• Exercise prompt
Transcribe the records word for word, beginning with the first line and ending with the line that contains "Retro flower chest drawers - retro, of"; include nothing else.

───── Extracted information

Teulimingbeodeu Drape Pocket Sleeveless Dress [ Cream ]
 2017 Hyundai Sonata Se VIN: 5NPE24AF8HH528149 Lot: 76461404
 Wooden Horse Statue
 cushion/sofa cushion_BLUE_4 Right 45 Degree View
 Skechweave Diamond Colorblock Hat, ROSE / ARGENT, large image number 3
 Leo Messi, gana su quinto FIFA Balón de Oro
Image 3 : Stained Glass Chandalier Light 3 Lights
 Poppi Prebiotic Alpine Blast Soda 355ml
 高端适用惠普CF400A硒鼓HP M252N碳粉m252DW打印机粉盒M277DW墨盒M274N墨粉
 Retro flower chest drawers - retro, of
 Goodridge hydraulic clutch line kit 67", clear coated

──────────

• Result of this task
Teulimingbeodeu Drape Pocket Sleeveless Dress [ Cream ]
 2017 Hyundai Sonata Se VIN: 5NPE24AF8HH528149 Lot: 76461404
 Wooden Horse Statue
 cushion/sofa cushion_BLUE_4 Right 45 Degree View
 Skechweave Diamond Colorblock Hat, ROSE / ARGENT, large image number 3
 Leo Messi, gana su quinto FIFA Balón de Oro
Image 3 : Stained Glass Chandalier Light 3 Lights
 Poppi Prebiotic Alpine Blast Soda 355ml
 高端适用惠普CF400A硒鼓HP M252N碳粉m252DW打印机粉盒M277DW墨盒M274N墨粉
 Retro flower chest drawers - retro, of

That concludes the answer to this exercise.